* About this task
An exact copy of the lines of the listing below between the "Two Hornets players" line and the "A stylish young" line, both included, is the whole answer; please omit the pictures.

* Data for processing
━━━━━━━━━━

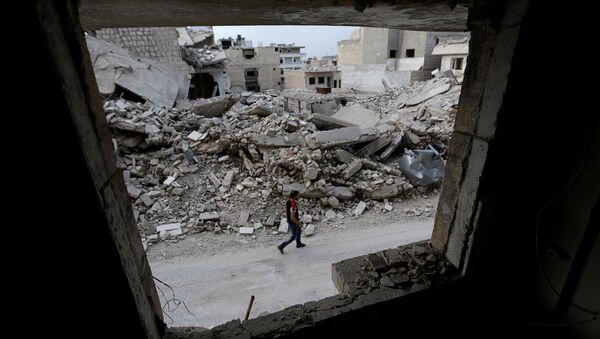 A man walks past damaged buildings in the rebel-controlled area of Maaret al-Numan town in Idlib province, Syria, May 15, 2016 - Sputnik International
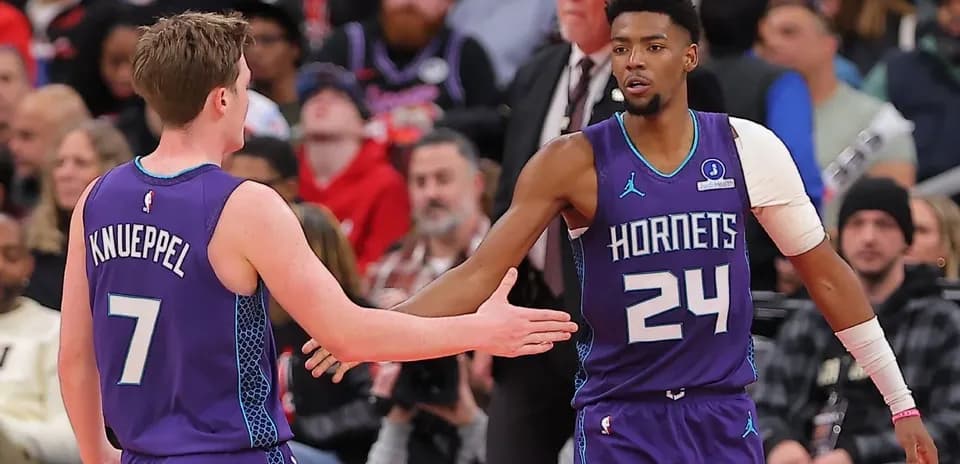 Two Hornets players celebrating during a game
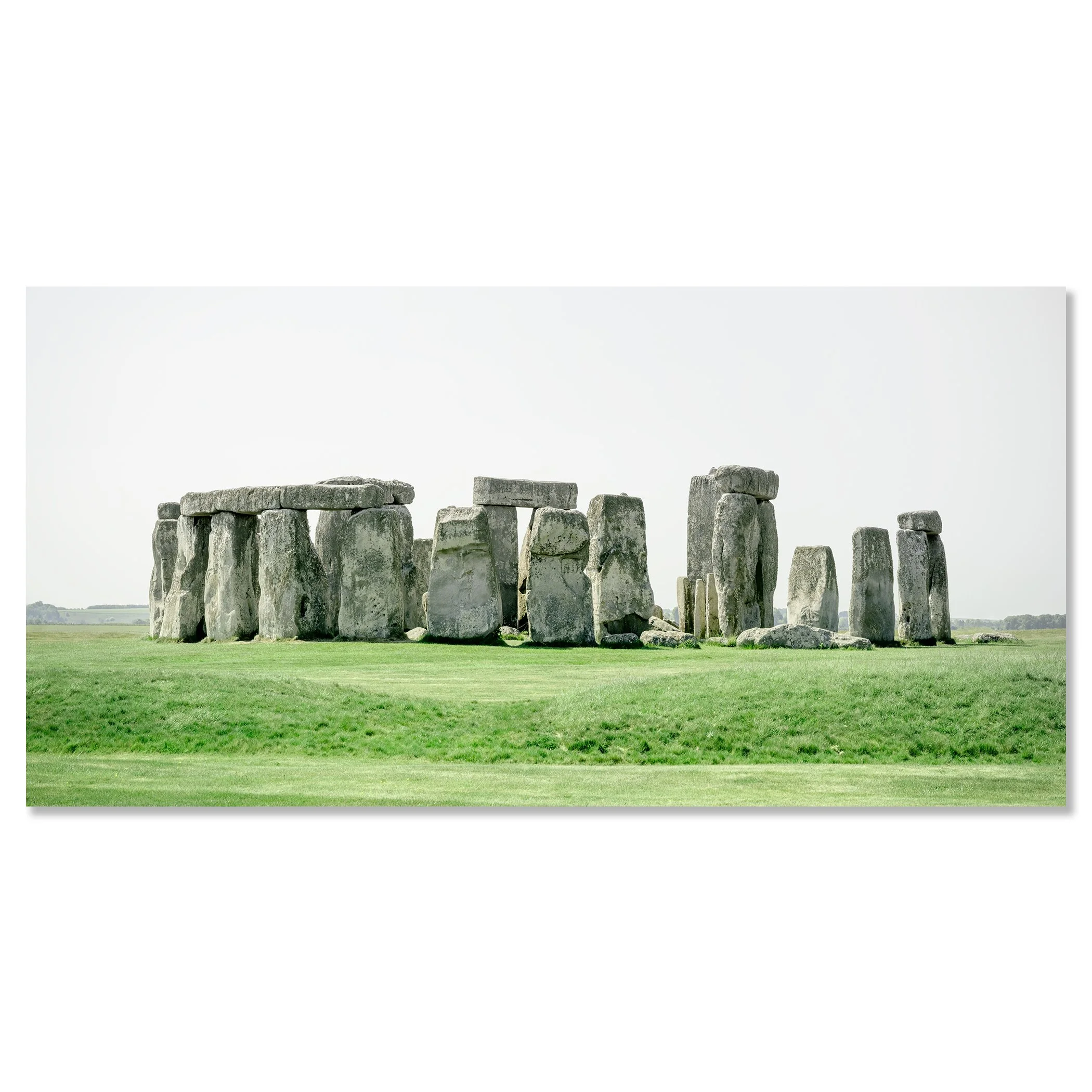 Gerald Berghammer - Color landscape panorama photography. Historic Stonehenge monument with large standing stones on a grassy field under a gray sky. Chromaluxe frameless
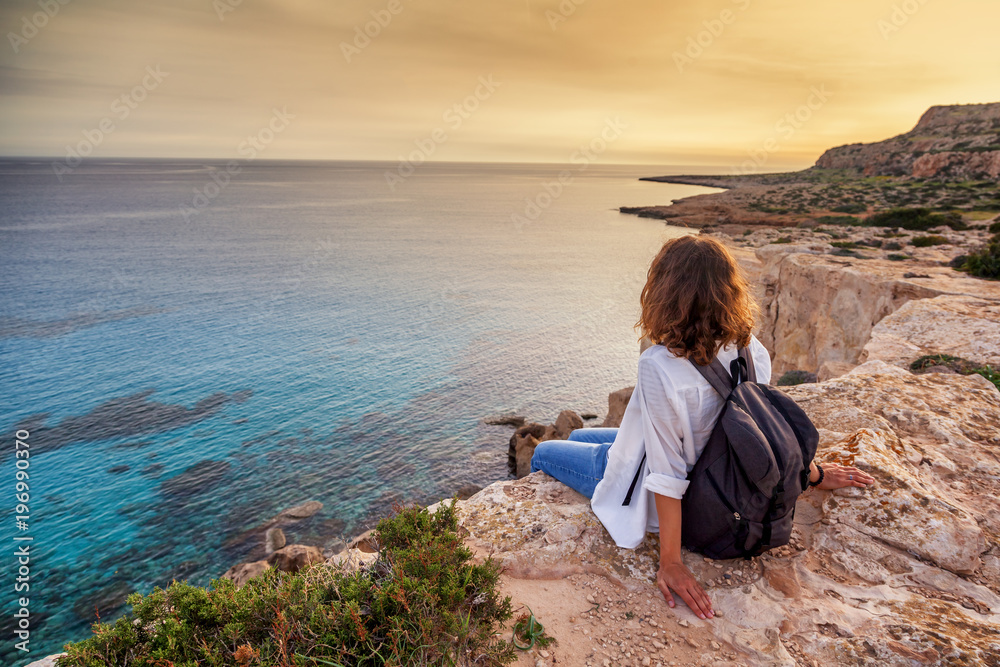 A stylish young woman traveler watches a beautiful sunset on the rocks on the beach, Cyprus, Cape Greco, a popular destination for summer travel in Europe - obrazy, fototapety, plakaty 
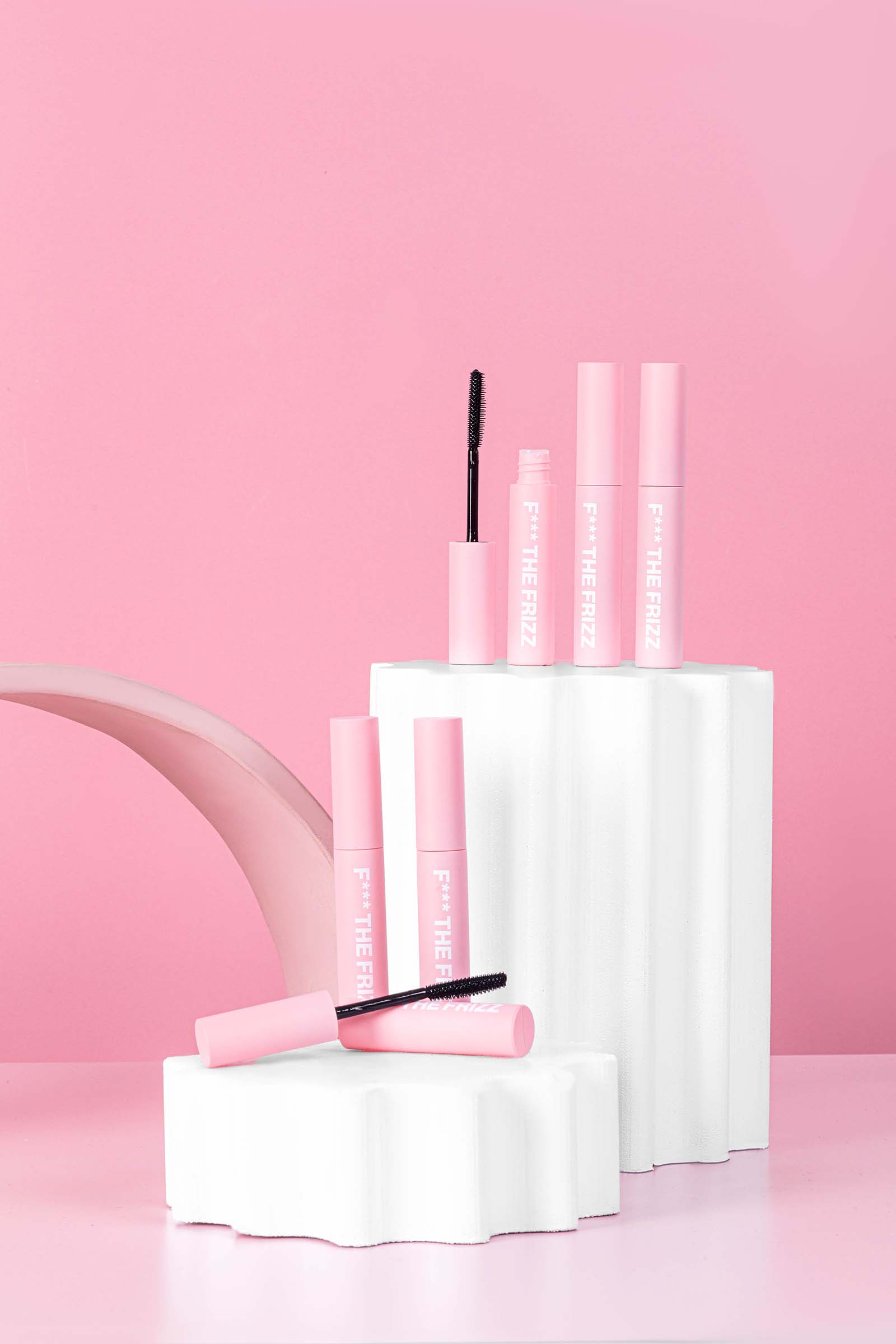 Creative and Fun Pink Product Photos for Anit Frizz Hair Wand. Styled content creation by Megzie Makes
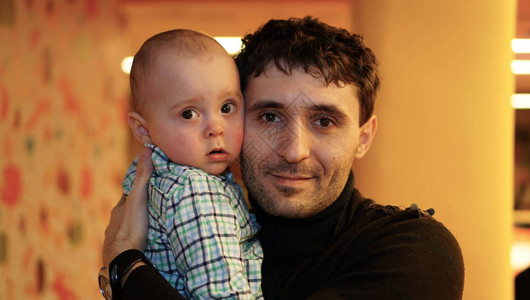 一个年轻父亲怀着一个可爱的小男孩张开眼睛的婴儿在图片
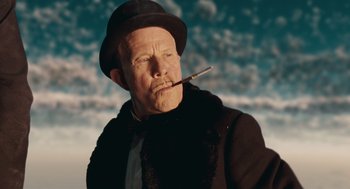 Movie still from “The Imaginarium of Doctor Parnassus” (2009), directed by Terry Gilliam – An older man wearing a hat and smoking a cigarette; Close Up shot, Low angle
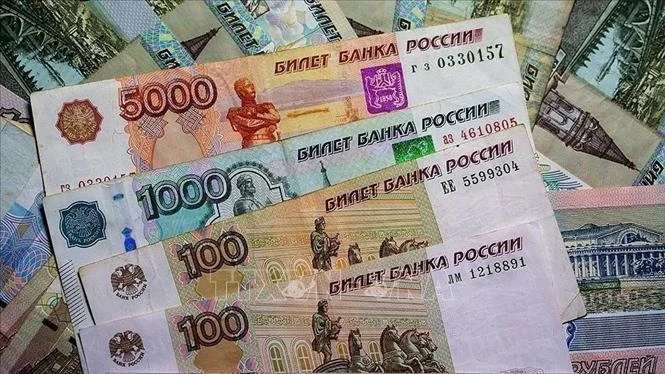 Đồng ruble tăng mạnh nhất hơn 30 năm, đứng đầu trong các đồng tiền trên thế giới Chú thích ảnh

━━━━━━━━━━

* Your response
 Two Hornets players celebrating during a game
 Gerald Berghammer - Color landscape panorama photography. Historic Stonehenge monument with large standing stones on a grassy field under a gray sky. Chromaluxe frameless
 A stylish young woman traveler watches a beautiful sunset on the rocks on the beach, Cyprus, Cape Greco, a popular destination for summer travel in Europe - obrazy, fototapety, plakaty 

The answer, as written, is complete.